The annual homeless count in Riverside County is just days away. Dozens of volunteers will disperse throughout the region to survey the amount of homeless individuals between January 29th-30th.
"We’ve doubled our volunteers over the past couple years. We’ve also implemented an app-based counting too," Government Affairs and Public Policy Advisor to Supervisor V. Manuel Perez, Greg Rodriguez said.
Rodriguez says the upgrades are crucial in the upcoming Point-in-Time Count survey for 2020.
“We’re getting better counts, we’re counting more people, it doesn’t necessarily mean that our numbers haven’t gone down," Rodriguez said.
The amount of people counted can ultimately determine the amount of money the county receives from the state and federal government. Rodriguez says if numbers go up, government funding goes down and state funding increases.
Riverside County is currently in the process of training volunteers to go out and survey local communities.
"We basically deploy in teams and regions so that you don’t have the same people covering the same area," Rodriguez said.
The practice aims at avoiding counting a certain individual twice. Rodriguez says the county has now switched from a paper survey to a geol-located app that helps assign volunteers a specific map of where to go.
"Of course the answers are all anonymous. We only identify by first initial and last initial of the name. We’re asking a lot of demographic information about the name. The first question of course is, 'Where did you sleep last night?' and there’s different criteria on where you qualify as homelessness," Rodriguez said.
A new feature also includes counting individuals who are living out of a vehicle or RV.
Last year's numbers for 2019 found reported a total of 2,811 homeless people countywide. It was an increase of 21% from 2018. Now, there are new challenges.
"Age is a huge factor here.
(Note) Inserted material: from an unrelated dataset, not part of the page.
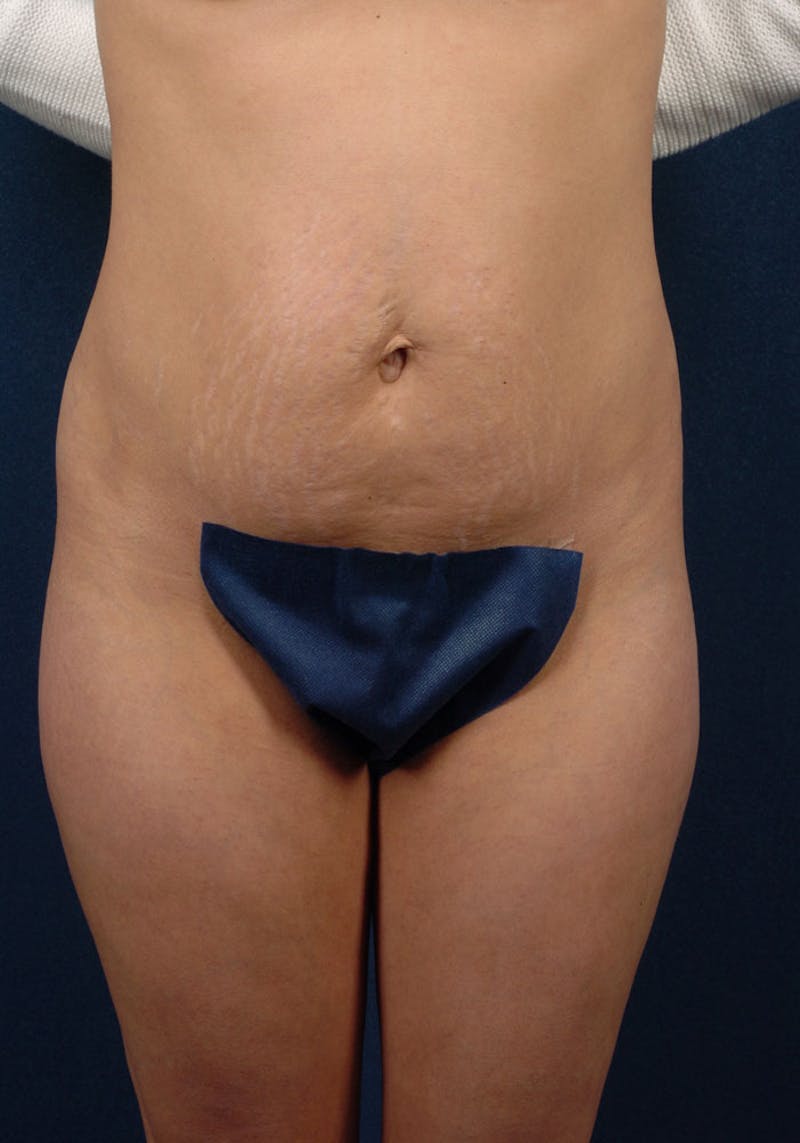Abdominoplasty Before & After Gallery - Patient 9265410 - Image 1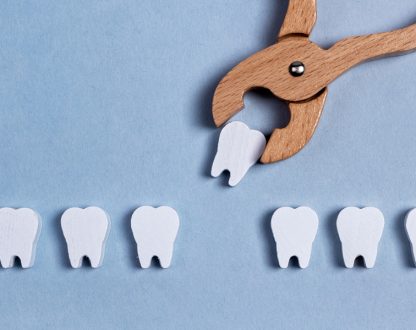What to Expect After a Tooth Extraction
What we’re experiencing here in the Coachella Valley is a sharp increase in the number of homeless seniors," Rodriguez said.
Meanwhile, Palm Springs is on track to receive $10 million dollars in state funding. The city council is in the process of bringing in a consultant to see how to effectively utilize that money.
"We’re really looking at housing, homeless prevention. If we can keep people from becoming homeless in the first place you just stop the process right in its tracks," Palm Springs Mayor, Geoff Kors said.
The city will also participate in the upcoming homeless count. Officials say around 150 volunteers are expected this year.